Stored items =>
_ _ _ _

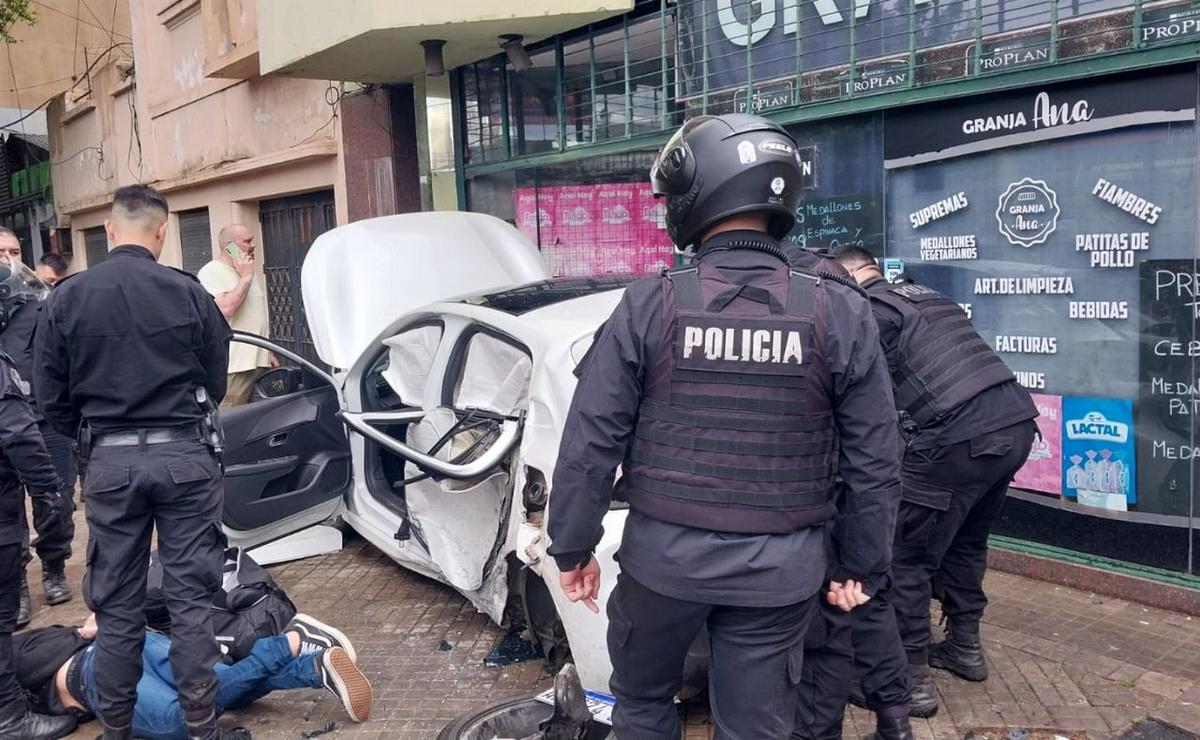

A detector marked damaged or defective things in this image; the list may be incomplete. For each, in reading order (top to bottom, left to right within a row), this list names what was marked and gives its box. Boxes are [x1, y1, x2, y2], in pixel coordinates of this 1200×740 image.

white crashed car [220, 212, 686, 690]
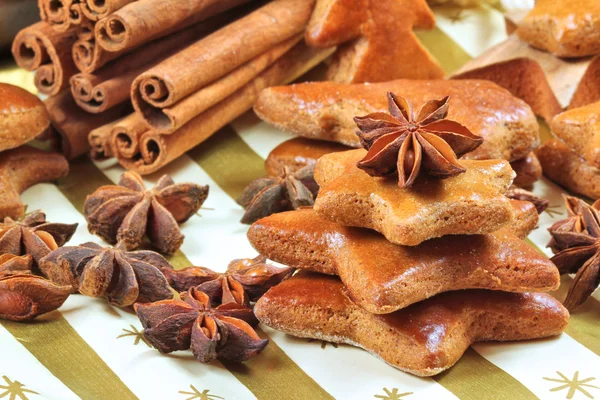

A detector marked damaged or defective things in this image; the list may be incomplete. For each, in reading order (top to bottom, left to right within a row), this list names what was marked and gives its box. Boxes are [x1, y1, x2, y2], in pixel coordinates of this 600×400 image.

broken star anise piece [354, 93, 486, 188]
broken star anise piece [0, 272, 71, 322]
broken star anise piece [0, 211, 78, 264]
broken star anise piece [39, 241, 175, 306]
broken star anise piece [83, 171, 207, 253]
broken star anise piece [137, 286, 268, 364]
broken star anise piece [164, 256, 296, 306]
broken star anise piece [237, 164, 318, 223]
broken star anise piece [506, 188, 548, 216]
broken star anise piece [552, 197, 600, 310]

_ _ _ _

What this task involves => Print every entry above again, exactly as written. Leave the images out.

Solution to this task =>
A detector marked damaged or defective things in this image; the list may be incomplete. For each, in reading order (top to bottom, left to right within a row), this list names what was marked and gives its box. Boxes are [x1, y1, x2, y2], in pixel coordinates of this 1200×740 image.

white crashed car [220, 212, 686, 690]

A detector marked damaged or defective things in this image; the list may be incomplete. For each, in reading order (top to bottom, left to right within a row), this list names what was marked and gives its box. Boxes are [x1, y1, x2, y2], in pixel coordinates of this 600×400 image.

broken star anise piece [354, 93, 486, 188]
broken star anise piece [0, 272, 71, 322]
broken star anise piece [0, 211, 78, 264]
broken star anise piece [39, 241, 175, 306]
broken star anise piece [83, 171, 207, 253]
broken star anise piece [137, 286, 268, 364]
broken star anise piece [164, 256, 296, 306]
broken star anise piece [237, 164, 318, 223]
broken star anise piece [506, 188, 548, 216]
broken star anise piece [552, 197, 600, 310]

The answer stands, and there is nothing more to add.